凶星

 暗い、暗い道をゆく。

 左腕でメルセゲルの腰を抱く剣の王の右手には、揺らめく火を灯すランタン。心許ない明るさで通路を照らしていた。

 身を屈めるようにして歩く彼は、困ったようにメルセゲルを見やる。

「ご機嫌ななめだね?」

「……見上げても石の表面が見えるだけの場所で、どう機嫌を直せと?」

 剣の王が目を逸らし、苦笑した。

「そもそもわたしは、おまえに協力するともしないとも言ってない」

「うん、そうだね。でも君だって、しようと思えばできるはずだよ、抵抗の一つや二つ」

「鏑の取り決めを自ら捨てたりするものか」

「ああ…聡いね、君は。本当に」

 剣の王の声色はどこか恍惚としていた。

「楽しいよ、すごく。こんなにワクワクするの、いつぶりだろう」

 メルセゲルの訝しげな表情にも、彼は笑顔を返すのみだ。

「僕と同じ視線にいる。

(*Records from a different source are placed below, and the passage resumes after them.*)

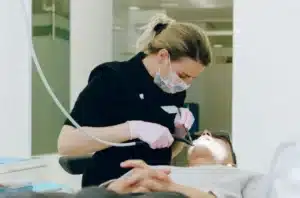 regular dental checkups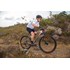 Bike Sense Fun Comp 16v Aro 29 2021/22 Prata Preta e Laranja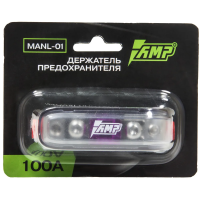 AMP MANL-01 (100 A)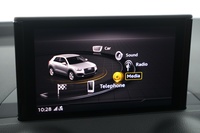 Audi Q2 vaihtoauto
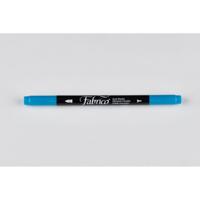 Tsukineko • versacraft fabrico marker cerulean blue - thumbnail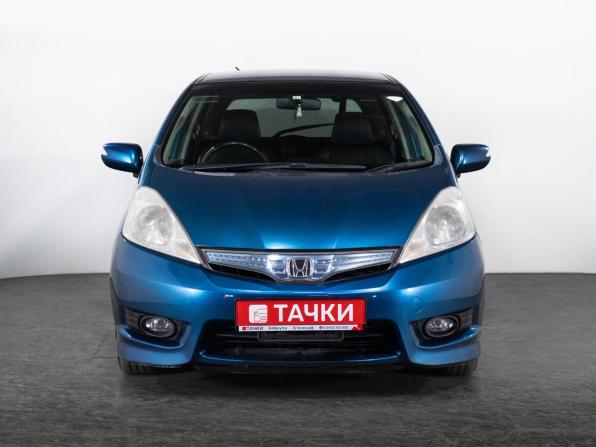 Honda Fit Shuttle I с пробегом 2011 года, цена 900 000 рублей, 150769 км, универсал, Автокод Объявления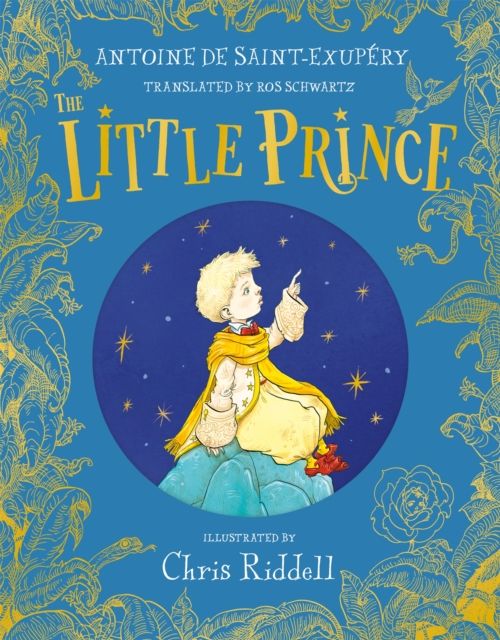 The little prince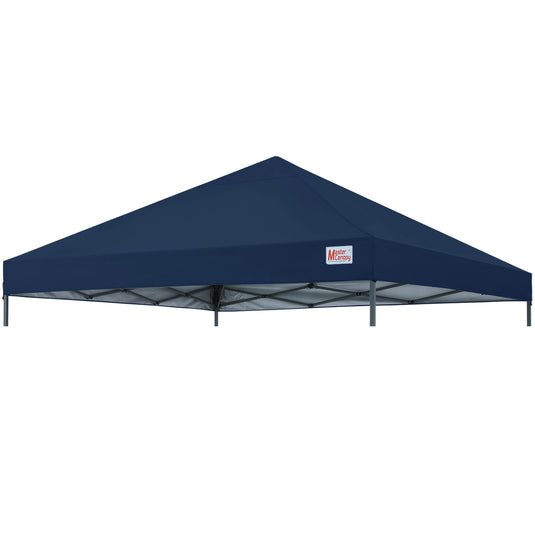 8x8/10x10 Replacement Pop Up Canopy Top for Durable Pop-up Canopy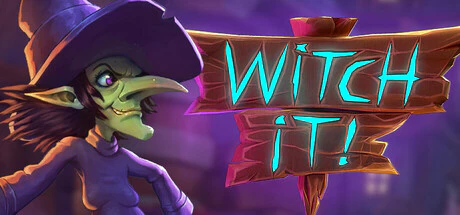 Get Epic Game Witch It for free[Windows][$2.99 -> Free]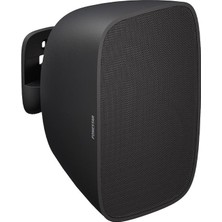 Fonestar Sonora-5n 5" Siyah 100W Duvar Tipi Hoparlör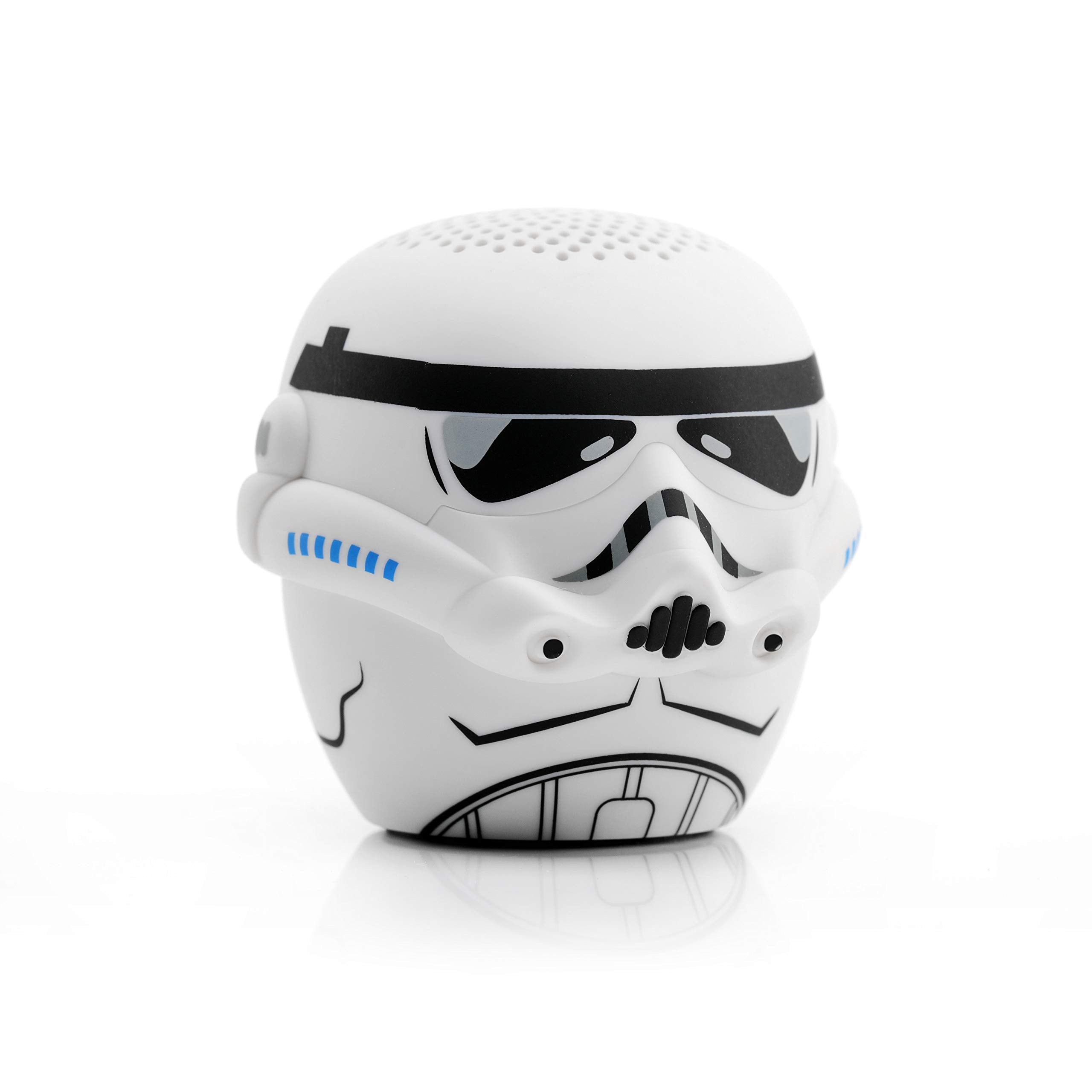 Bitty Boomers Star Wars: Stormtrooper   Mini Bluetooth Speaker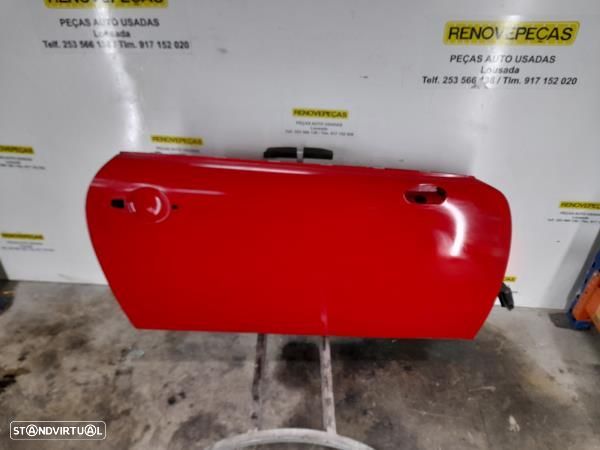 Porta Frente Dto Mini Mini (R50, R53) - 1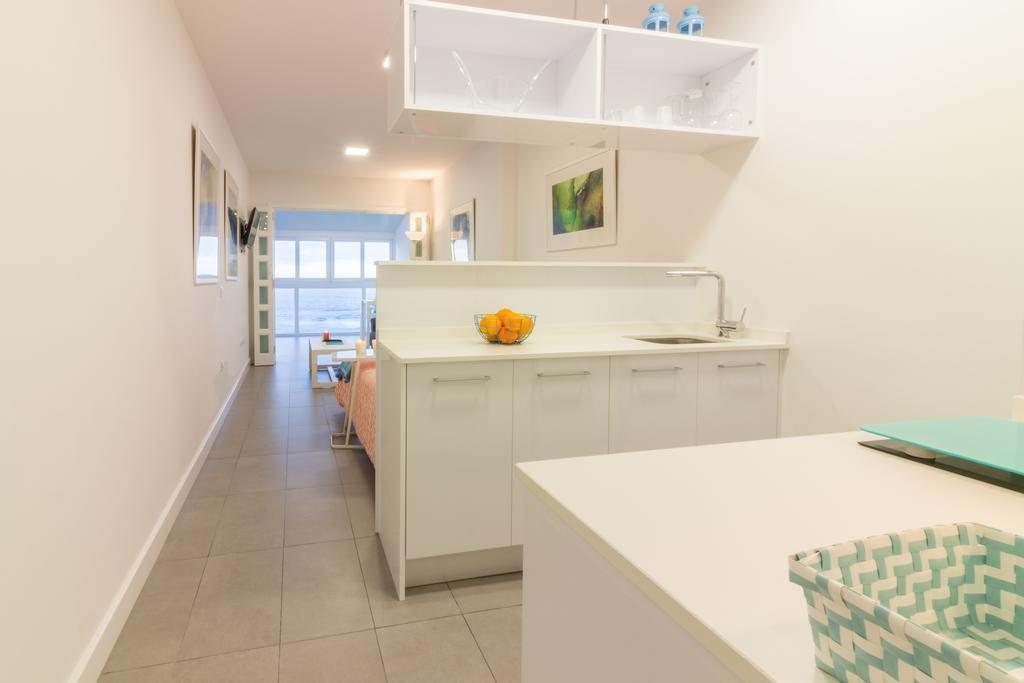 Living Canteras - Beachfront Story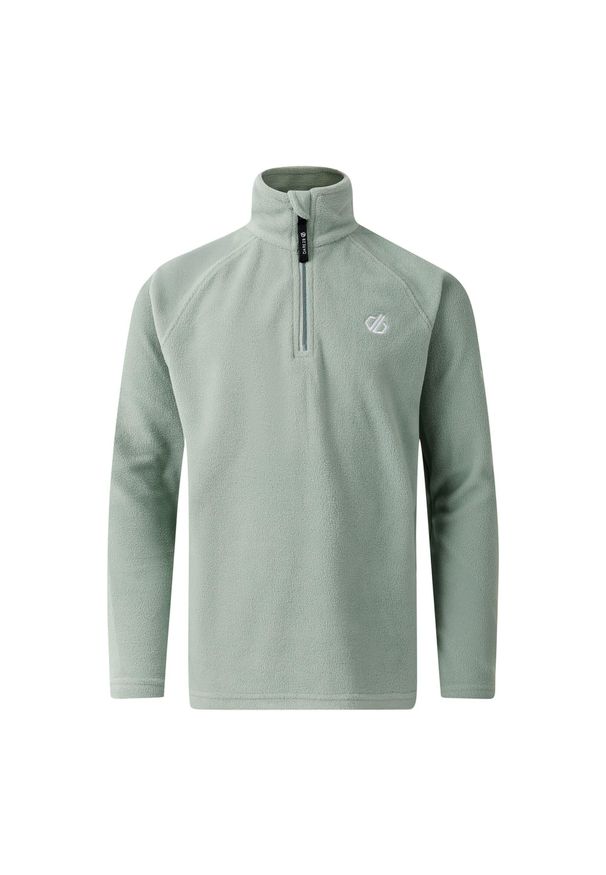 DARE 2B - Polar dla dzieci Dare 2B Freehand. Kolor: zielony. Materiał: polar. Sezon: zima. Sport: narciarstwo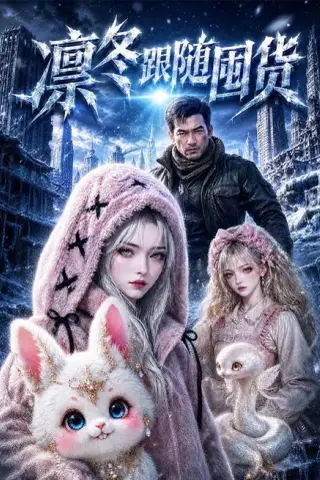 《凛冬跟随国货（100集）（夸克网盘）》短剧封面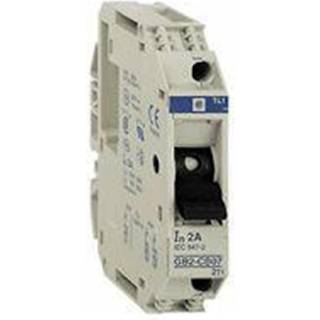 Schneider Automatsikring for styrestrøm 4A GB2CB09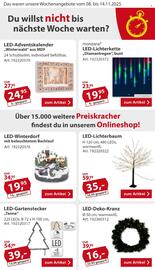 Sonderpreis Baumarkt Prospekt woche 45 Seite 2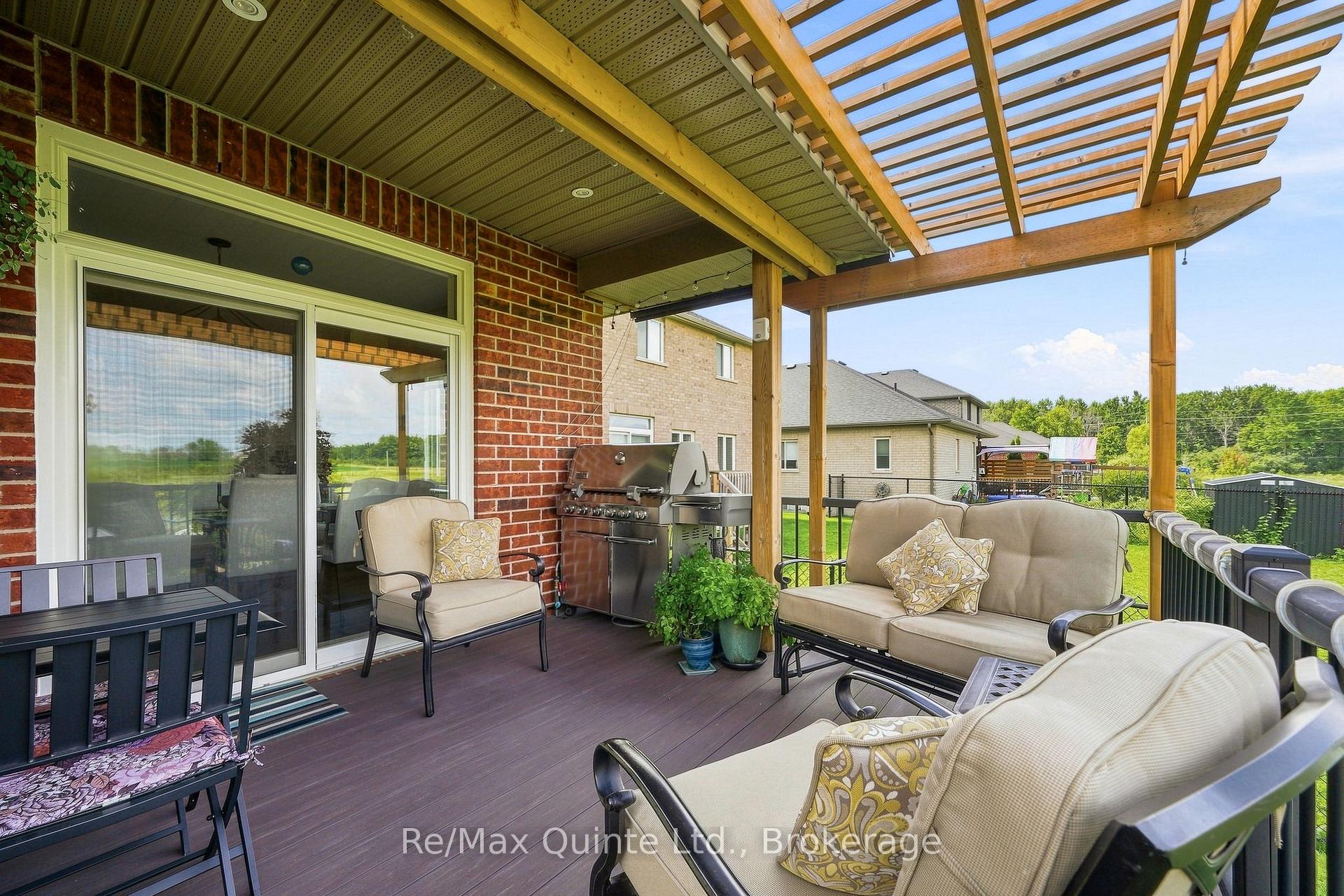 Photo 37 of 40 Farmington Crescent, Belleville, Belleville Ward — HOMEH
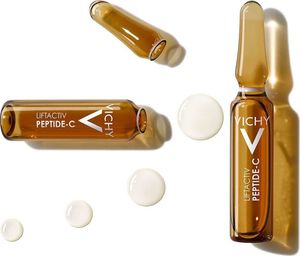 Vichy Naktinės veido ampulės Vichy Liftactiv Specialist 10 x 2 ml 2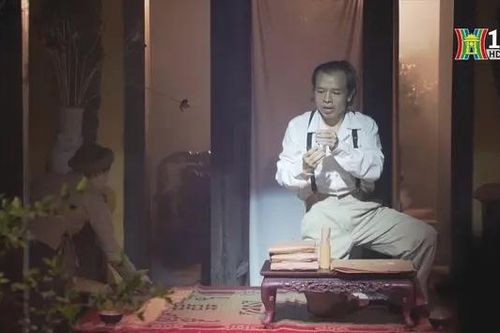 Tái hiện Hà Nội xưa trong show thực cảnh 'Chuyện phố Hàng'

君が戦場に出たら、きっと素晴らしい軍師になるんだろうな。いいなあ、闘り合いたいなあ」

 剣の王はそして、前を見据えたまま狭い通路を抜けた。

「君がここにいれば、戟塵の城砦はより強くなる」

 到着してみると、それは監獄のようだった。足元にずらりと並べられた蝋燭が道を作っている。

 剣の王が、ある牢の前で立ち止まった。

「だと思った」

 メルセゲルが独り言のように呟く。整えられた服装は既に台無しになっていた。

「強きを求めるおまえのことだ、この好機、みすみす逃すはずもない」

「その通り。こんなチャンス、滅多に巡ってはこない」

 牢の前にランタンが掲げられ、中に収容されている人物が照らしだされる。

「素直に僕の望みを言おう、王妃セプデト……いや、名も知らぬ星詠みよ。君が欲しい。この国を、僕の理想を、より確かなものにするために」

 メルセゲルは、牢の中をちらと見た。大きな牢だった。ざわめいていた。

 その中で一際引き攣った息を漏らした者を、彼女の瞳が自然と探していた。

「なぜここに」

 しわがれ声が近づいてくる。思わずといった様子であった。

 乾いた足音を立てて、ランタンの所までやってきたその人に、剣の王はにっこり笑って見せた。

「やあ、こんばんは族長」

「な、なぜ……それが、ここにいるのです」

 憔悴しきった顔を驚愕と恐怖に染めあげ、族長はメルセゲルを指差した。指先がかたかたと震えていた。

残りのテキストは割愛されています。